O apelo geracional das criptomoedas também pode ampliar os perigos, uma vez que os jovens, num contexto de crescente desconfiança em relação aos sistemas financeiros tradicionais, podem subestimar os riscos. Por exemplo, a subida do preço do ouro (2 500 dólares por onça até 2025, segundo o Banco Mundial) é sinal de uma maior prudência, mas os jovens, fascinados pela DeFi, podem evitar uma análise aprofundada dos riscos financeiros.

O papel dos estabelecimentos de ensino

1. Uma educação económica mais forte

Perante estes desafios, as escolas e as universidades devem preparar os estudantes para lidar com as criptomoedas e os riscos financeiros. É essencial uma educação económica reforçada, incluindo cursos sobre volatilidade, blockchain, DeFi, os riscos da desregulamentação, a ganância e a facilidade de negociação, tal como salientado num estudo sobre literacia financeira(Lusardi & Mitchell, Financial Literacy, 2014).

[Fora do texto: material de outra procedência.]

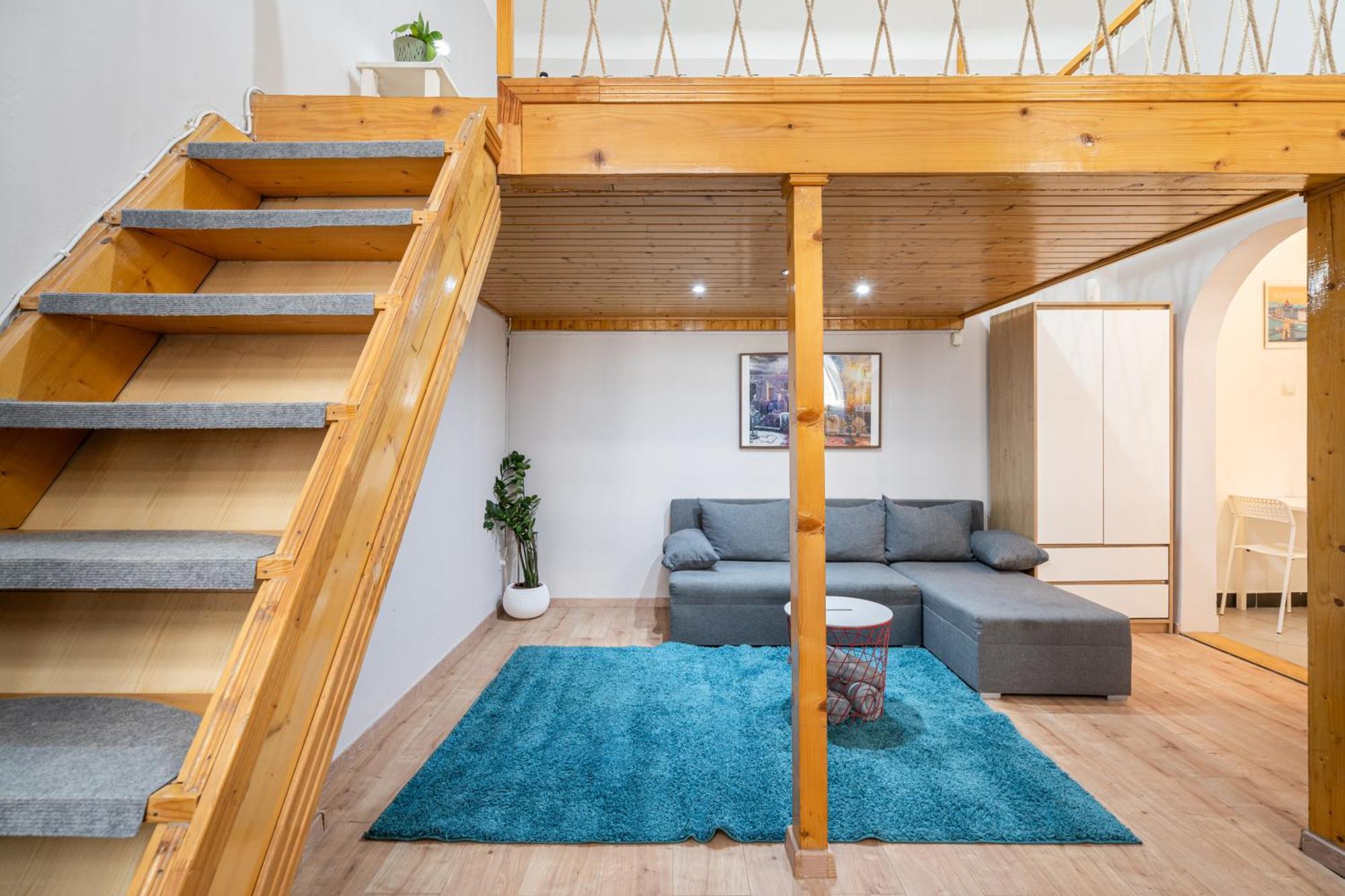Affordable Heroes' Square Residence Budapest Exterior foto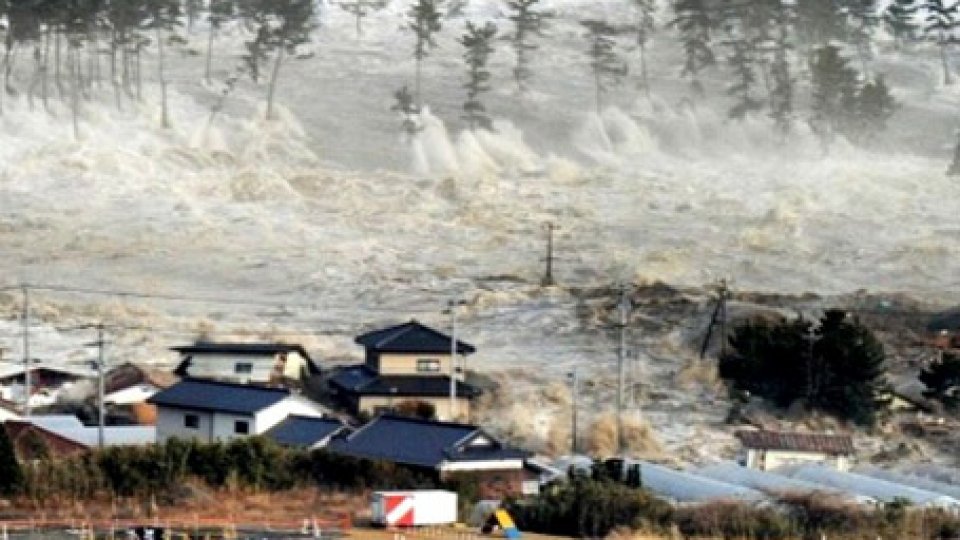 26 dicembre 2004: l'Indonesia è sconvolta dallo tsunami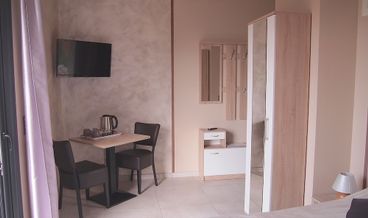 afbeelding van Comfort Twin Room, 2 Twin Beds K-banon-2 Twin Beds Non Refundable Free breakfast Free self parking Free WiFi
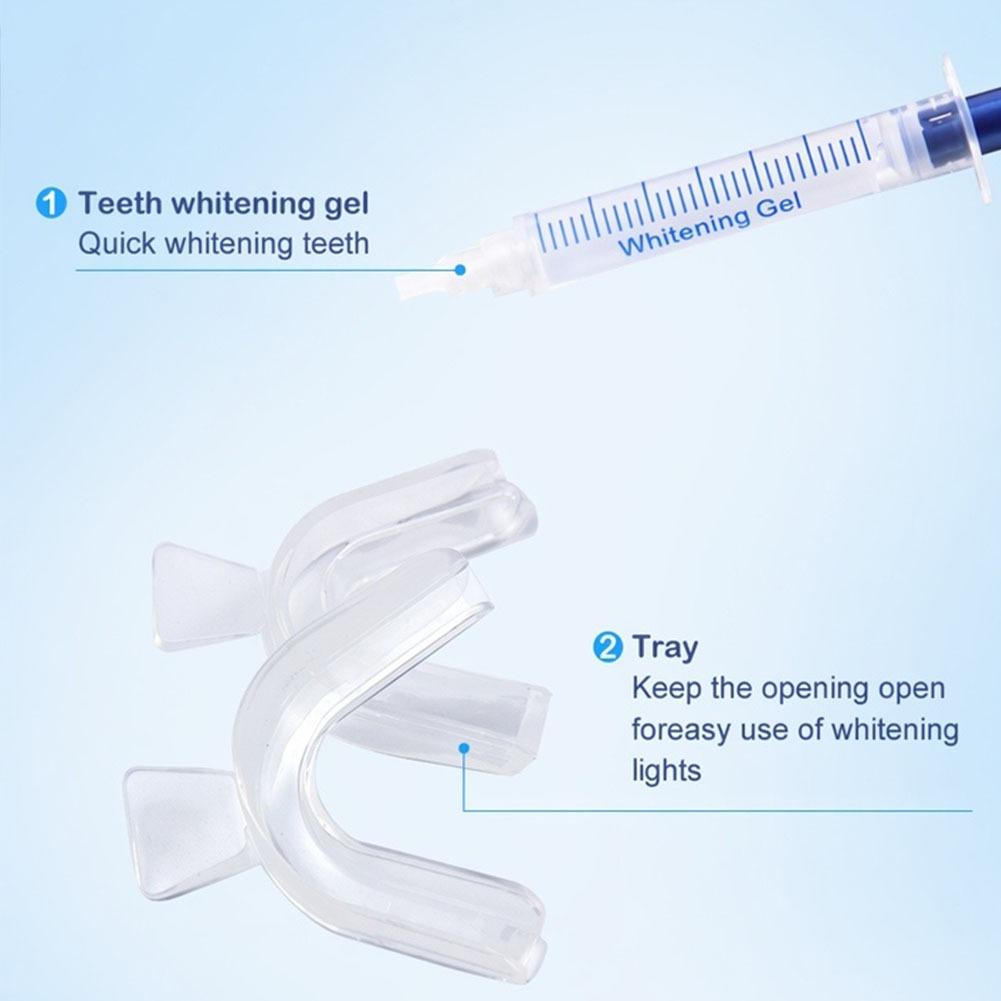 Professional Teeth Whitening K - Teeth Whitening Kit At Home 评论和价格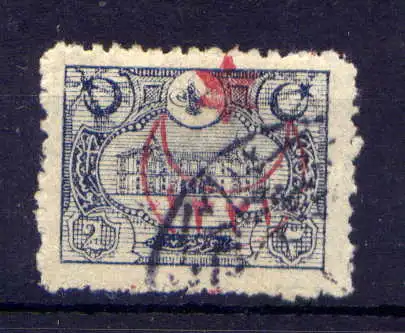 (2003) Türkei Nr.322                          O  gestempelt
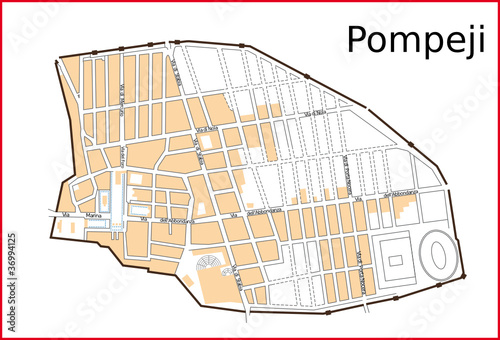 Pompeji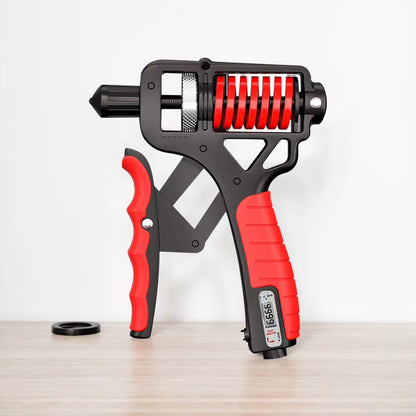 Hand Grip Strength Trainer 5-165Kg Adjustable
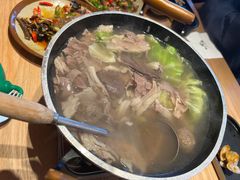 -川堂风·跷脚牛肉·乐山爆炒(宝山日月光店)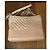 Borsa a mano Chanel Gabrielle in pelle beige - vista 2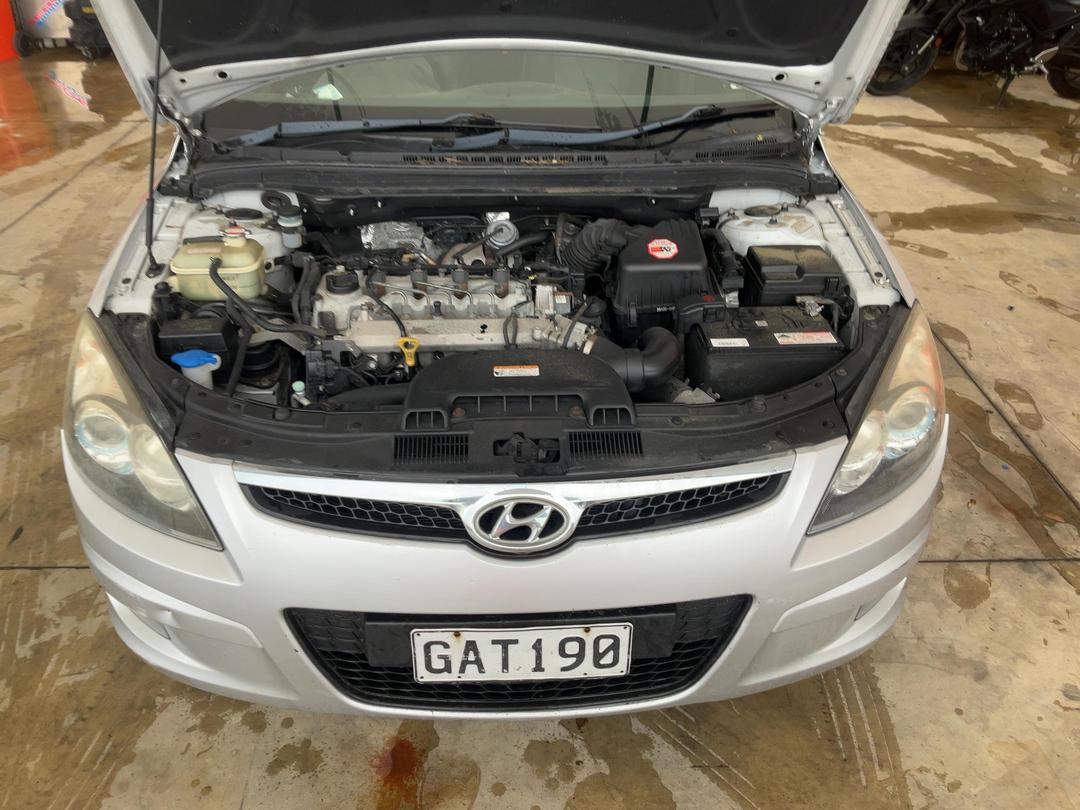 Photo '15' of Hyundai I30 Crdi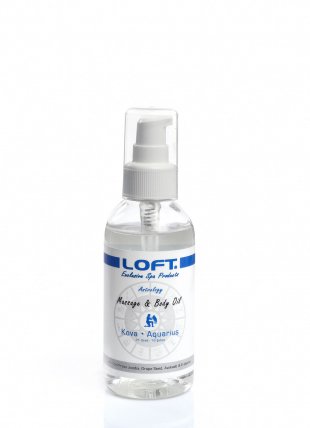 Astrology Burç Masaj & Vücut Yağları 150Ml.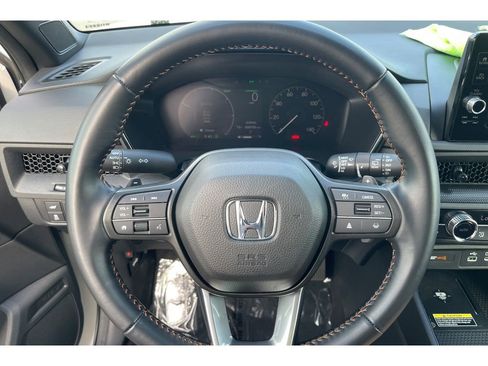 Certified 2025 Honda CR-V Sport-L image 34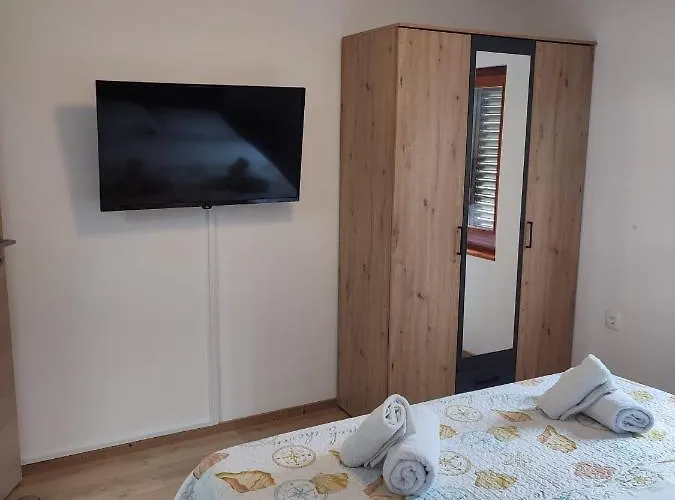 Apartament Beleca *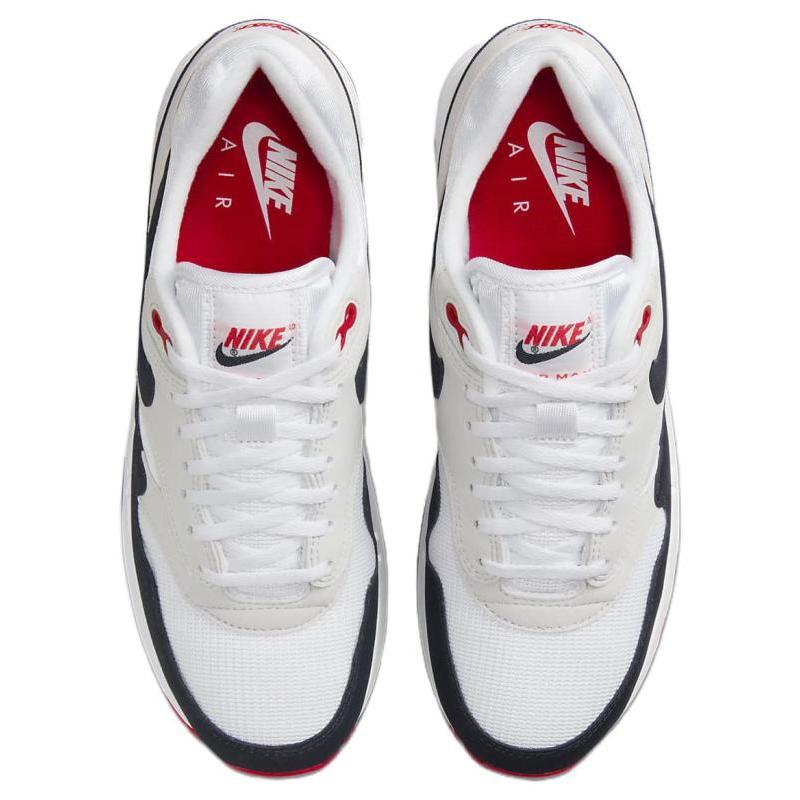 Nike Air Max 1 '86 Big Bubble Obsidian Sneakers Casual Shoes DQ3989-101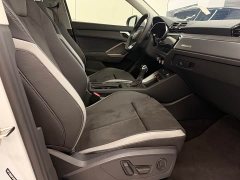 Audi Q3 40 TFSI Sporty Fashion Edition - ფოტო 13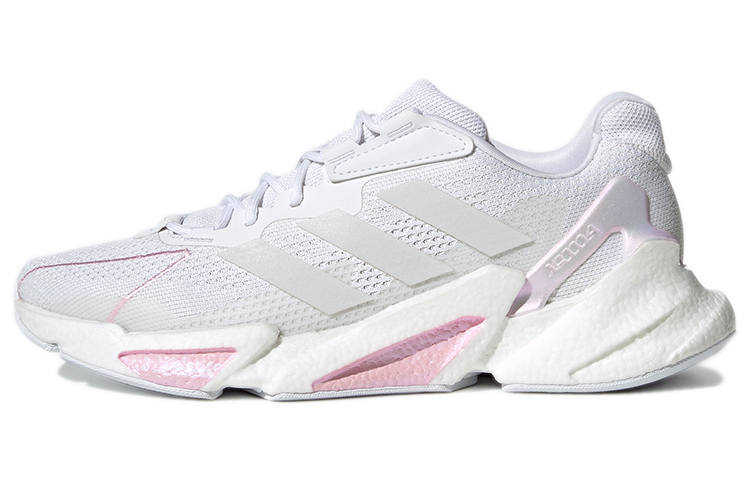 Adidas Adidas X9000l4 White Women's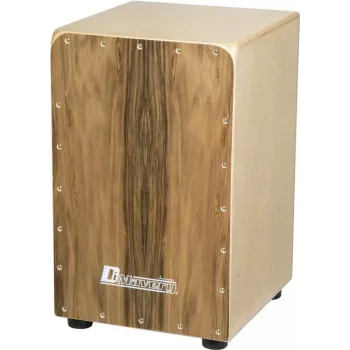 DIMAVERY CJ-520 cajon, walnut 26051472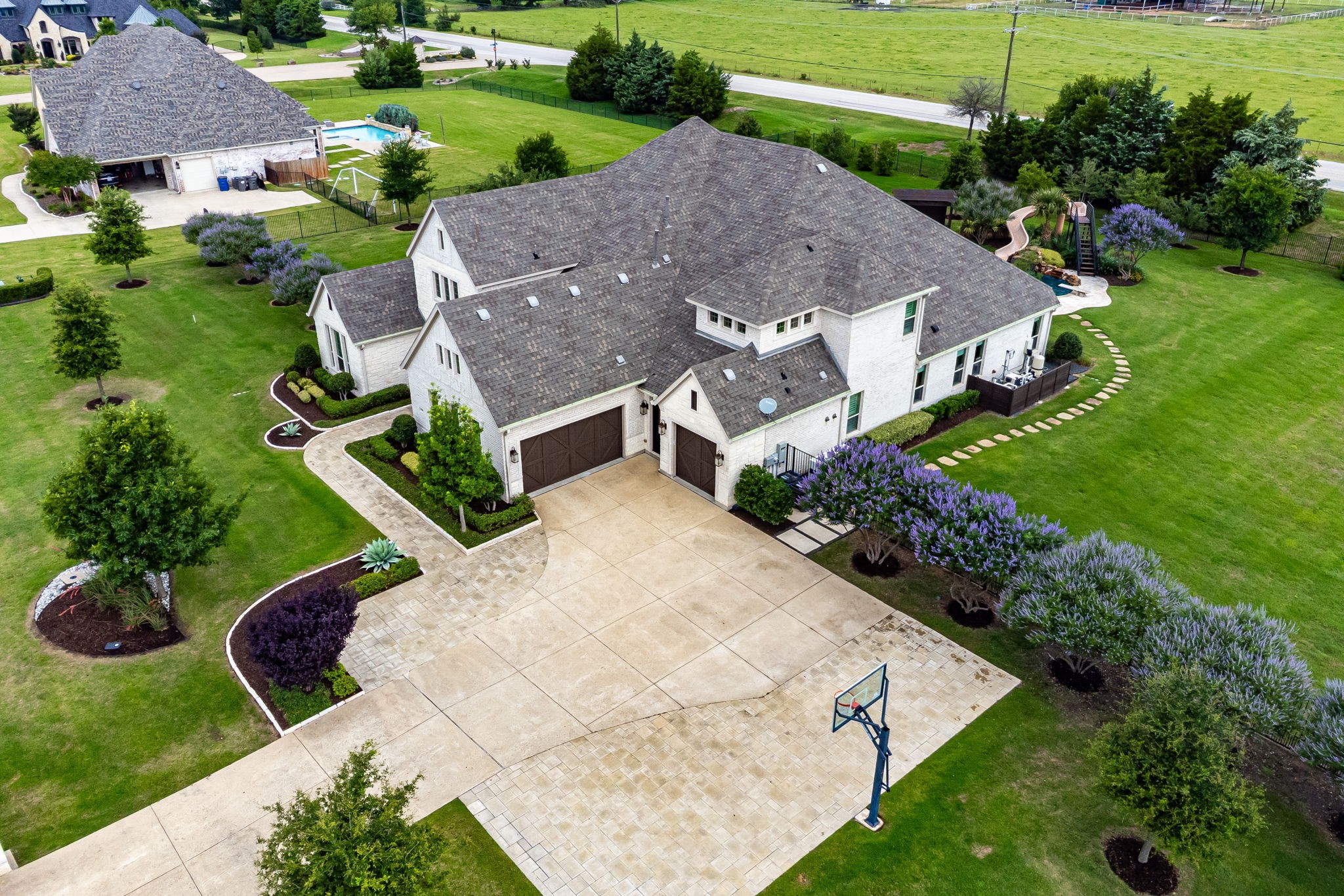 1206 Boerne Court Lucas TX 75002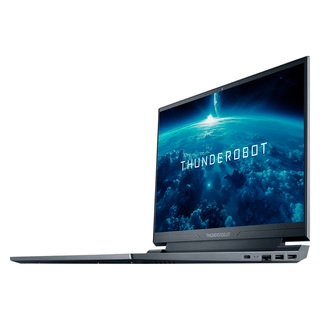 Ноутбук Thunderobot 911 X Wild Hunter G3 Evo / Intel Core i5 13420H / 16 GB / SSD 512GB / RTX 5050 8GB / NO OS / I5165SG55N - фото 3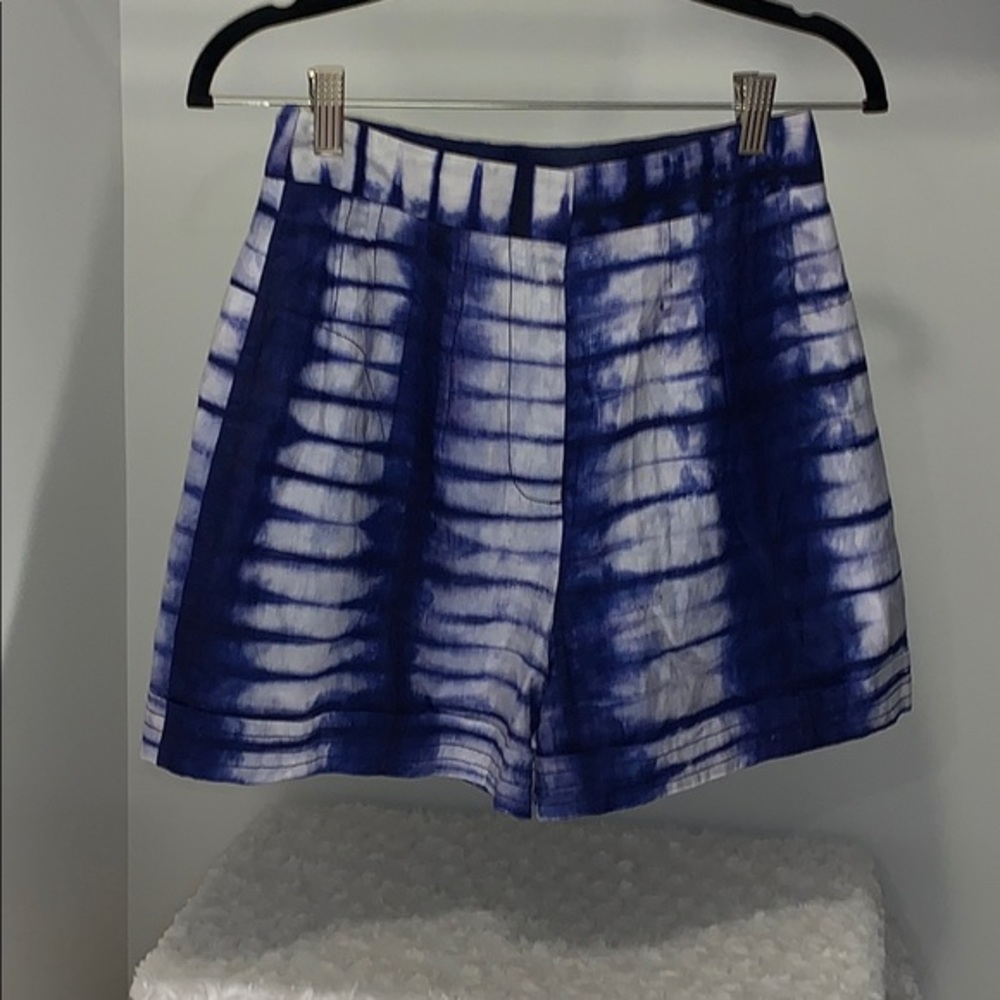 NWOT Tory Burch Shorts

2. Simulações práticas e estudos de caso

Esta formação deve incluir simulações práticas (análise da subida e descida da Bitcoin, gestão do risco DeFi), estudos de caso sobre mercados financeiros, fraudes comuns e crashes como o de 2022, bem como projectos de colaboração para influenciar políticas, como reformas que promovam uma regulamentação protetora para investidores principiantes.

3. Parcerias com peritos

As instituições de ensino podem estabelecer parcerias com especialistas em finanças e criadores de cadeias de blocos para formar os estudantes na identificação de "tubarões" (burlas, manipulação do mercado, volatilidade), na avaliação de oportunidades e riscos e na navegação em plataformas de negociação sem cair em decisões irreflectidas. Por exemplo, os seminários podem analisar livros brancos de projectos DeFi ou simular sessões de negociação para compreender a volatilidade, inspirando-se nas subidas e descidas por vezes muito grandes.

4. Reduzir as desigualdades e influenciar as políticas

Esta abordagem prepara os alunos para compreender a dinâmica das criptomoedas, evitar armadilhas financeiras e contribuir para um futuro estável, equilibrando a sua atração pela inovação e descentralização com uma gestão prudente.

Também ajuda a reduzir potenciais desigualdades, dotando os jovens de ferramentas para participarem equitativamente em oportunidades financeiras, influenciando simultaneamente as políticas públicas para um sistema resiliente face aos desafios da desregulamentação e dos riscos digitais, tais como flutuações imprevisíveis nos mercados de criptomoedas ou fraudes sofisticadas.

Resumo

As criptomoedas e a DeFi oferecem aos jovens uma oportunidade de autonomia, inovação tecnológica e ganhos rápidos, mas a sua adoção acarreta riscos de volatilidade e desregulamentação. Ao reforçar a educação económica, as escolas e as universidades podem orientar os jovens para uma adoção responsável, equilibrando o seu apelo geracional, tecnológico e financeiro com uma gestão prudente, influenciando simultaneamente a política para um futuro positivo face ao risco financeiro e à potencial desigualdade.